Resource mapping comes next. Ideally, all clock cycles on every processing unit are used for DSP operations. Anywhere from one to eight compute units are simultaneously available in a DSP for this purpose.
Multiply-accumulate (MAC) in one clock cycle is the most often used operation. During this design step, the bus system poses a bottleneck in many in-stances. The issue is that all compute units need to store many operands and results in one clock cycle, over one bus, into one memory. Often this data connectivity cannot be achieved with DSP. The consequence of this bottleneck is unused compute units, or "dead" silicon, which continues to dissipate power.

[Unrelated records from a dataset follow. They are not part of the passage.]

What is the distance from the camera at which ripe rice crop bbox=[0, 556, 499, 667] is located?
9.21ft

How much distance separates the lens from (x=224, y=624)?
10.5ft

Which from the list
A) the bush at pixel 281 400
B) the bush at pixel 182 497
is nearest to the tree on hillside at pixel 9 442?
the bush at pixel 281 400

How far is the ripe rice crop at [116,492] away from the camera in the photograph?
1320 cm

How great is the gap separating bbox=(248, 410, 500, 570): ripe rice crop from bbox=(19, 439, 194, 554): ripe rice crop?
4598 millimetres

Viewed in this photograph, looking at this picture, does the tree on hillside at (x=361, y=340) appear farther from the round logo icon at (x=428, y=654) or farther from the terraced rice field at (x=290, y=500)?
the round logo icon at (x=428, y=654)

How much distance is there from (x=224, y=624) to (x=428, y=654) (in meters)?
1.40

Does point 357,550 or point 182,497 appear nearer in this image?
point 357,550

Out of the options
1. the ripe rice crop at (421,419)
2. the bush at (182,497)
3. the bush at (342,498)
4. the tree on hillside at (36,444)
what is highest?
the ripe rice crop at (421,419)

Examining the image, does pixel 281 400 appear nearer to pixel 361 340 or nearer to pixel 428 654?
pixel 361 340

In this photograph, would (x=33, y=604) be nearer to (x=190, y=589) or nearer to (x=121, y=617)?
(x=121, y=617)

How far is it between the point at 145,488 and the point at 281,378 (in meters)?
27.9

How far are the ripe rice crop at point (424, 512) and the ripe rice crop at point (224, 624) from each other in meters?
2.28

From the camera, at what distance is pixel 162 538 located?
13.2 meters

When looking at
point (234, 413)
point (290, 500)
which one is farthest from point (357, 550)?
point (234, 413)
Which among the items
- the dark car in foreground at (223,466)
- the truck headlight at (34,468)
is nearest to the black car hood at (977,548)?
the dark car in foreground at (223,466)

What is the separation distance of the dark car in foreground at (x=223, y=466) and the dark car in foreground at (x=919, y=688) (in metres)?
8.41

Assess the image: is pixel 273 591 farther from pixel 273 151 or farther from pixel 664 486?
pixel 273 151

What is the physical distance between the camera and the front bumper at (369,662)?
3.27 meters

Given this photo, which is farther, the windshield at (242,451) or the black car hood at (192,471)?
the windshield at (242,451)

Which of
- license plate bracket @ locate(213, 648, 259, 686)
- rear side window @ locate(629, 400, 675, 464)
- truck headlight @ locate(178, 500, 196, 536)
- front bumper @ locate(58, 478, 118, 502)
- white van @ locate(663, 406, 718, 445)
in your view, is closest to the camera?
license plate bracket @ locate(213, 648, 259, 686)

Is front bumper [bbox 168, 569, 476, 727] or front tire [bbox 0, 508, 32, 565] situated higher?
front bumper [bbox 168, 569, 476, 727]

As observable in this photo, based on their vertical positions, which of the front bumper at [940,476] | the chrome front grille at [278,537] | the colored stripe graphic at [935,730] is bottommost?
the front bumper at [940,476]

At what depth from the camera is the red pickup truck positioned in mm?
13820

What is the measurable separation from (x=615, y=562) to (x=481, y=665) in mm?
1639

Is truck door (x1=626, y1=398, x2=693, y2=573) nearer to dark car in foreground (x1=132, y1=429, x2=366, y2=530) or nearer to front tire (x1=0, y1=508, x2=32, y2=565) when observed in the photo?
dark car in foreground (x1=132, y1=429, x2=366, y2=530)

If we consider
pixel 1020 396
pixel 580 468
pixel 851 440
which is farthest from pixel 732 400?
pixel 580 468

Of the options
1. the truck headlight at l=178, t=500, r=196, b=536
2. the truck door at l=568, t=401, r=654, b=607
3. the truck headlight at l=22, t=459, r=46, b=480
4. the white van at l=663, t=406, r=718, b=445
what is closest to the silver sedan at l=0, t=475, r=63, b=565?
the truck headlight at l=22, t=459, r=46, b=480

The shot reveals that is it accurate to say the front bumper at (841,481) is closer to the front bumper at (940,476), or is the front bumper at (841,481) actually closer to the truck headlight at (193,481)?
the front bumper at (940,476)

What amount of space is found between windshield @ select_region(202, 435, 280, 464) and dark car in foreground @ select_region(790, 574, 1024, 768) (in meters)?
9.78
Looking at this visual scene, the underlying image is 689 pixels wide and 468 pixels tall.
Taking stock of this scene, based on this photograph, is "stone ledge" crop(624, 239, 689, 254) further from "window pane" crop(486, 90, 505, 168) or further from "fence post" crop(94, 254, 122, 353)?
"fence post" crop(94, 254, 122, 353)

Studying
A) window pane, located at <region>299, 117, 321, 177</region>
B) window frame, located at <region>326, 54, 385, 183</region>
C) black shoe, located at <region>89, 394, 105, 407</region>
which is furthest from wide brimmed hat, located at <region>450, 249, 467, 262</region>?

At the third simulation stage, a number of key determinations are made to ensure that the design has the targeted performance, buses are available, all computing units are fully used, and so forth. Usually, some operations remain too slow because C language doesn't always map efficiently to a DSP's architecture. This is where assembly-language optimization comes in. C-language instructions are rewritten in assembly language so that the design can map more closely to the DSP architecture.
Differing Design Flows: The design flow between a DSP and an adaptive-computing machine begins to differ at the 16-bit fixed-point conversion. At this stage, adaptive computing starts to pay major design benefits. At the 16-bit fixed-point conversion stage, bit accuracy becomes a moot point because adaptive computing doesn't only offer a fixed 16-bit machine that can simulate 32-bit instructions. On the contrary, adaptive computing is a variable-precision machine that reduces the limitations on bit widths. A design doesn't have to be 16 bits. It can be 1, 8, 16, 24, or 32 bits or larger, offering considerable flexibility over the highly restrictive DSP 16-bit fixed-point conversion.

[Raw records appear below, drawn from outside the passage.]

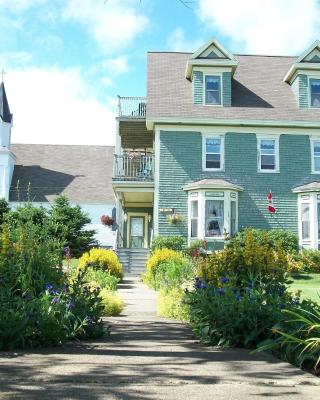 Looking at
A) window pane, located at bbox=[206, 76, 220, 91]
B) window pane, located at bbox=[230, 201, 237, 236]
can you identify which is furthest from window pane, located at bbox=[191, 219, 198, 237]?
window pane, located at bbox=[206, 76, 220, 91]

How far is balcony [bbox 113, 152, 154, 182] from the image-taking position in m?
23.2

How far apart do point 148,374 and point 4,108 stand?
36.5 metres

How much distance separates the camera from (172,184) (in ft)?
75.0

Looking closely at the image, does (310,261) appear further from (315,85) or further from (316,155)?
(315,85)

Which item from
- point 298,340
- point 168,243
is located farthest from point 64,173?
point 298,340

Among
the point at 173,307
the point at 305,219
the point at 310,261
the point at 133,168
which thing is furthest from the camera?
the point at 133,168

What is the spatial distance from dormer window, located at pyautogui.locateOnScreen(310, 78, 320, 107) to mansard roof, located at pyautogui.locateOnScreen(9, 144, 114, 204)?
15.2 m

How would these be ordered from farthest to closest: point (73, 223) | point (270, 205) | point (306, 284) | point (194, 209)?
point (73, 223), point (270, 205), point (194, 209), point (306, 284)

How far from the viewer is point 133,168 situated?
23.6 metres

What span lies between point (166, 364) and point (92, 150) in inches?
1423

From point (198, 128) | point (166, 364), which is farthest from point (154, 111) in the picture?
point (166, 364)

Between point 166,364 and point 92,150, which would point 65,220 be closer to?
point 92,150

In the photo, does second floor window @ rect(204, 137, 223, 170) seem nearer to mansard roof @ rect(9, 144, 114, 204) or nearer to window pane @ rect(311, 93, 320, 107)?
window pane @ rect(311, 93, 320, 107)

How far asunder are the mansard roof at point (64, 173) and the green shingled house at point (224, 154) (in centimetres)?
1072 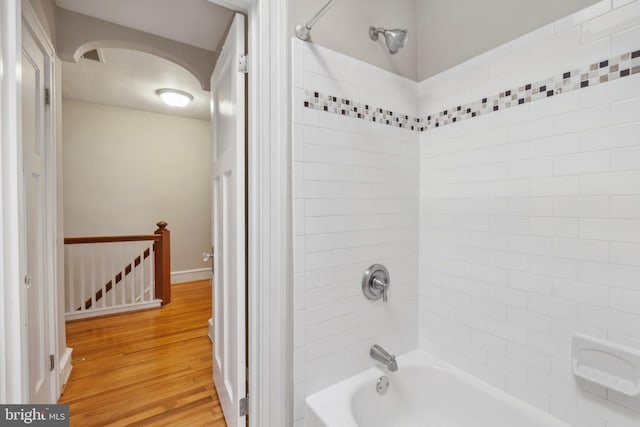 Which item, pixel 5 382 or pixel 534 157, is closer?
pixel 5 382

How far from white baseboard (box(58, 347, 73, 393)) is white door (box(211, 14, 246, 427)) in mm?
1081

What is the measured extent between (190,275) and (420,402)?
13.8 ft

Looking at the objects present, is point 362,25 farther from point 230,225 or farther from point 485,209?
point 230,225

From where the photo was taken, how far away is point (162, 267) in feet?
11.4

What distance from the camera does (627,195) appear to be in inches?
34.8

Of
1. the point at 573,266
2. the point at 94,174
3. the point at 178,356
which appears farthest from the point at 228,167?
the point at 94,174

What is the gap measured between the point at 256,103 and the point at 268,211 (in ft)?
1.51

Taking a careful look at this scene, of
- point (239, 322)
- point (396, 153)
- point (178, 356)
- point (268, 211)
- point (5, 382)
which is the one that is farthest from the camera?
point (178, 356)

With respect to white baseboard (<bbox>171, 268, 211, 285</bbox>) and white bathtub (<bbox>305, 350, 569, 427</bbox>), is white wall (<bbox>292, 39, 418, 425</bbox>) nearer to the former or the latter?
white bathtub (<bbox>305, 350, 569, 427</bbox>)

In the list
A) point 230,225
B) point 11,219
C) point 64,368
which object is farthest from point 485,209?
point 64,368

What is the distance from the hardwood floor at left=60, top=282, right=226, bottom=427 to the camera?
5.45 ft

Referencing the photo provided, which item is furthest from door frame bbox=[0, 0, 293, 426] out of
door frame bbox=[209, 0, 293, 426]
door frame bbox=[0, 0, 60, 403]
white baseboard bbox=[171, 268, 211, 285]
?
white baseboard bbox=[171, 268, 211, 285]

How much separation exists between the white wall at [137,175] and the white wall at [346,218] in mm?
4046

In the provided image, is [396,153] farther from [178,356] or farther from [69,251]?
[69,251] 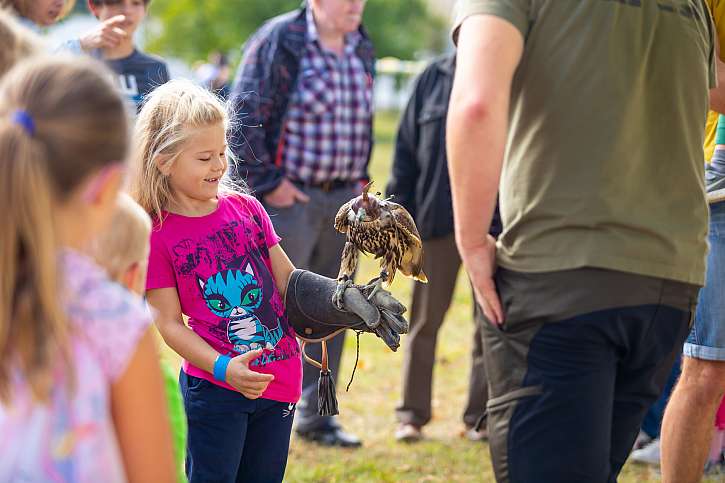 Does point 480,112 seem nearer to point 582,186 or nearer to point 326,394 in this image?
Result: point 582,186

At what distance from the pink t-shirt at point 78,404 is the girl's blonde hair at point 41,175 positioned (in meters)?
0.03

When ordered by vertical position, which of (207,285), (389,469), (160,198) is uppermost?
(160,198)

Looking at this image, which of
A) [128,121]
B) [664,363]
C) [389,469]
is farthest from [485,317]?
[389,469]

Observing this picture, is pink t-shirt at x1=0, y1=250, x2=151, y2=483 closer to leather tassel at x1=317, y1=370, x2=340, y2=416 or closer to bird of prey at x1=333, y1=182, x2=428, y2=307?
bird of prey at x1=333, y1=182, x2=428, y2=307

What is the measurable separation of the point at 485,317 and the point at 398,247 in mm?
332

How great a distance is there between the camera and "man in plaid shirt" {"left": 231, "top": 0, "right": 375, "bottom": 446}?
15.3ft

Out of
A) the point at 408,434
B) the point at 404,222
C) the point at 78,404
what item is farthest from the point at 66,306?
the point at 408,434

If certain operations require higher precision, that particular information will be specified in the high-level language (HLL), and no performance penalty is associated with ordering the higher bit precision. Also, the cost of going from 16 to 32 bits is much lower than with a DSP. For example, with an ACM, structures handling either 16- or 32-bit multiplications can be created. Each structure is equally efficient with virtually no design penalties. The program performs at the same speed whether it's a 32- or 16-bit execution.

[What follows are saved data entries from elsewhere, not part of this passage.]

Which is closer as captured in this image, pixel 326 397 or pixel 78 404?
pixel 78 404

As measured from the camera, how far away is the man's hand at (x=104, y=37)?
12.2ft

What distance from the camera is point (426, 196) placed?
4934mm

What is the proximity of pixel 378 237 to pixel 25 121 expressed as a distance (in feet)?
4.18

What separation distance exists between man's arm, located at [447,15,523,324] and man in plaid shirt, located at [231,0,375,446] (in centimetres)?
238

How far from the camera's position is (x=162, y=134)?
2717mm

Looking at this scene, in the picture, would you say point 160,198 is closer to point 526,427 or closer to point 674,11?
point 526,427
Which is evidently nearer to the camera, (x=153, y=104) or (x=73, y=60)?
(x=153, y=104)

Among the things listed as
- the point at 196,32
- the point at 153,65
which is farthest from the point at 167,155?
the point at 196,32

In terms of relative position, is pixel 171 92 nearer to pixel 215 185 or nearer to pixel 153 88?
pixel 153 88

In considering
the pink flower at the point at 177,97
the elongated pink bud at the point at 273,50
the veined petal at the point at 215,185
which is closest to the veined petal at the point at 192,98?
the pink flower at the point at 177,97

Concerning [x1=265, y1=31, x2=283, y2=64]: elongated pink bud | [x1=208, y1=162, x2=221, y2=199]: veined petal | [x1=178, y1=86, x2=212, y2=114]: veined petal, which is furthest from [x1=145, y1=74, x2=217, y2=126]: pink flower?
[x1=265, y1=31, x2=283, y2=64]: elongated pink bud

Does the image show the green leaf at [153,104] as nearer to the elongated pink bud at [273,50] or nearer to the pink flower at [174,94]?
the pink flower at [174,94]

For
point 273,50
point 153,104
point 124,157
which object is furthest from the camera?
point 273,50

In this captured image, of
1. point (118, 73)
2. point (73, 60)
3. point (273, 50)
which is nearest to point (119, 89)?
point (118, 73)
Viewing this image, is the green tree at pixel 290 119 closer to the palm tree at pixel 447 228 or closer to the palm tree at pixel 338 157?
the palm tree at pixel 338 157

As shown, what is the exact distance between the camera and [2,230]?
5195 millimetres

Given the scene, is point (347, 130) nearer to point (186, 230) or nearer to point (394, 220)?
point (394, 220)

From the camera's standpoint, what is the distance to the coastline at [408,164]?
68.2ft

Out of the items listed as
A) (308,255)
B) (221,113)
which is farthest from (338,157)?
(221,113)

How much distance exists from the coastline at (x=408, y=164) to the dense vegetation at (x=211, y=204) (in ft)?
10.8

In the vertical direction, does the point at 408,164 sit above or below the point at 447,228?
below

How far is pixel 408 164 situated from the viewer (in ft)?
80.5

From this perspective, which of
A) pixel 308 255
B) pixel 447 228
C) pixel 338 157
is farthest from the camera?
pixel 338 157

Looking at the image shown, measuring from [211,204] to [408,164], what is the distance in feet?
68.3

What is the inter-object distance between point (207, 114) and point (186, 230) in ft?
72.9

The difference is that more computational resources are used in the ACM, but not more time. This form of conversion brings smoother simulation. Even if errors occur in the conversion process, simulation remains simpler than with a DSP because increasing precision doesn't generally make an impact on time necessary to execute an algorithm. By using adaptive computing at the resource-mapping stage of a design, the designer has ample re-sources and subsequent performance as these resources operate simultaneously and asynchronously.
Inherently, a DSP executes one in-struction at a time and a series of sequential instructions to perform a given function. On the other hand, adaptive computing performs the same function considerably faster by executing many groups of HLL operations as a single algorithmic block.
Further, the interconnect structure between resources on an adaptive-computing chip is nonblocking, as compared to a DSP where bus contention issues are a major performance concern. This means that bandwidth is available whenever two resources (nodes) must connect, thereby contributing to higher performance.